Heating water accounts for the second-largest energy usage in the home, with inefficiencies as high as 60 percent, according to the Center for Energy and Environment. Going tankless means hot water doesn’t sit around all day waiting to be used. Instead, water is heated on demand, making these appliances among the most efficient on the market. Current reports from Energystar.gov site a 30 percent reduction in energy costs, with savings that increase as your family grows. The cost of your initial investment will depend on several factors.
Choosing a Unit
To determine what tankless unit to buy, consider three things: fuel type, where you want the hot water and how much of it you’ll need. For electric models, take note of voltage, amperage and circuit breaker requirements. For gas models, think about venting and where the existing gas lines run. To determine the size of the unit you'll require, consider future water demands. Tankless systems are sold according to a gallons-per-minute rating, or GPM. This tells you how much hot water the unit can deliver per minute. As a general rule, the more likely you are to have the dishwasher, shower and washing machine running at the same time, the more GPM you’ll need.
Starting prices for these models are for single-point units, meaning those that heat water for only one source, such as a bathtub. This can be an affordable way to solve the problem of cold showers, since tankless models never run out of hot water and prices range from $160 to $260 as of publication. Multi-source and whole-house units typically range from $600 to $900 for smaller homes, but others may go for as much as $2,000. For installation, it might be necessary to have a dedicated circuit breaker, and hiring a professional contractor is recommended.
Tankless heaters that are gas-fired produce higher flow rates, making them a good choice for high demand households. These units rely on either natural gas or propane, with prices for a medium-sized 7.5 GPM unit ranging from $650 to $900. Expect higher costs associated with installation as compared with standard tank-type heaters. Often the existing gas lines must be re-sized, and fans and additional “category III stainless steel” venting may be required. If the water has to travel too far or your gas lines are too long, you may have to contact an experienced contractor.
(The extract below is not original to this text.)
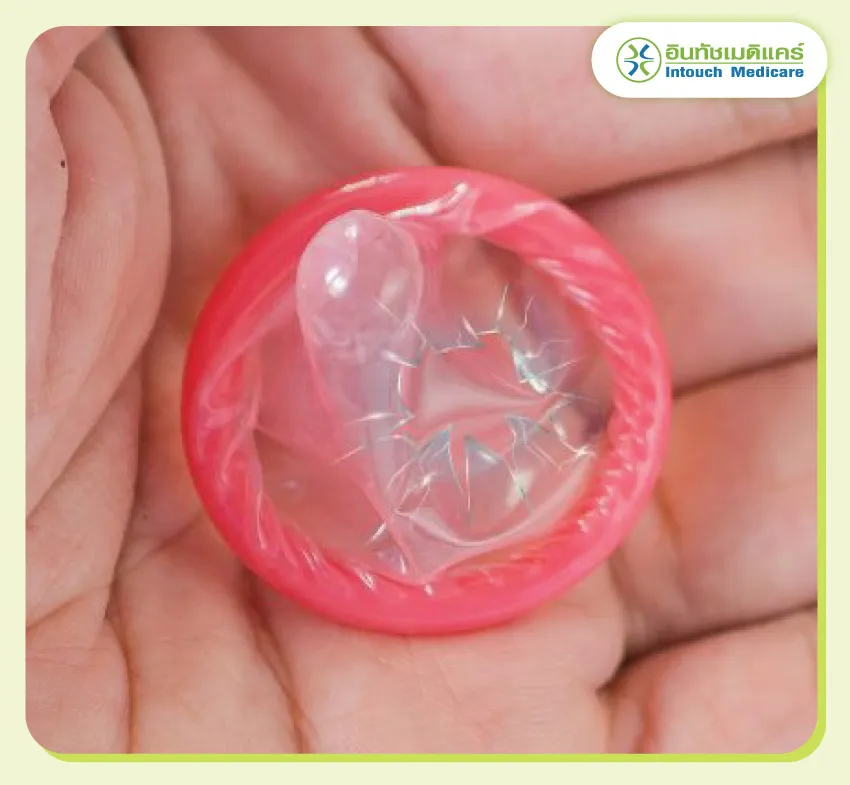 ถุงยางแตก ถุงยางรั่ว ถุงยางแตก ถุงยางรั่ว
You can design a tankless water heating system that grows with your family. Because these heaters are about the size of a suitcase and are designed to be hung on the wall, it’s possible to accommodate multiple units. According to Energystar.gov, installing a tankless heater at each hot water outlet can produce savings of 27 percent to 50 percent.. To keep up with growing and simultaneous hot water demands, you can link two or more units to increase the flow rate, or give each appliance its own unit, especially those with higher GPM requirements such as bathtubs and dishwashers.
Tankless systems are known for their endurance, with expectations of lasting an average of 20 years with the availability of replaceable parts. To get the maximum life out of your model, manufactures recommend flushing the entire unit annually to clear out mineral deposits. This is especially important if you have hard water, as calcium buildup restricts water flow, causing damage and a reduction in efficiency. The process involves pumping two to three gallons of white vinegar or low-grade acid through the system. Hiring a plumbing professional to do this for you will cost $150 to $200, according to estimates current as of the date of publication.